Reputation: 1413
i am developing a board game in php and now i have problems in writing an algorithm...
the game board is a multidimensional array ($board[10][10]) to define rows and columns of the board matrix or vector...
now i have to loop through the complete board but with a dynamic start point. for example the user selects cell [5,6] this is the start point for the loop. goal is to find all available board cells around the selected cell to find the target cells for a move method. i think i need a performant and efficient way to do this. does anyone know an algorithm to loop through a matrix/vector, only ones every field to find the available and used cells?
extra rule... in the picture appended is a blue field selected (is a little bigger than the other). the available fields are only on the right side. the left side are available but not reachable from the current selected position... i think this is a extra information which makes the algorithm a little bit complicated....
big thx so far!
kind regards
Upvotes: 2
Views: 275
Reputation: 81882
not completely sure that I got the requirements right, so let me restate them:
You want an efficient algorithm to loop through all elements of an nxn matrix with n approximately 10, which starts at a given element (i,j) and is ordered by distance from (i,j)!?
I'd loop through a distance variable d from 0 to n/2 then for each value of d loop for l through -(2*d) to +(2*d)-1 pick the the cells (i+d, j+l), if i>=0 also pick (i+l,j-d),(i+l, j+d) for each cell you have to apply a modulo n, to map negativ indexes back to the matrix.
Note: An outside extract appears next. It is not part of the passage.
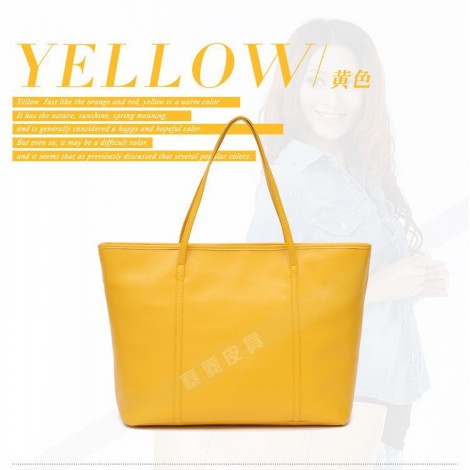 Genuine Leather Tote Bag Yellow 75579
This considers the matrix basically a torus, glueing upper and lower edge as well as left and right edge together.
If you don't like that you can let run d up to n and instead of a modulo operation just ignore values outside the matrix.
These aproaches give you the fields directly in the correct order. For small fields I do doubt any kind of optimization on this level has much of an effect in most situations, Nicholas approach might be just as good.
Update I slightly modified the cells to pick in order to honor the rule 'only consider fields that are right from the current column or on the same column'
Upvotes: 1
Reputation: 3185
If your map is only 10x10, I'd loop through from [0][0], collecting all the possible spaces for the player to move, then grade the spaces by distance to current player position. N is small, so the fact that the algorithm has O(N^2) shouldn't affect your performance much.
Maybe someone with more background in algorithms has something up their sleeve.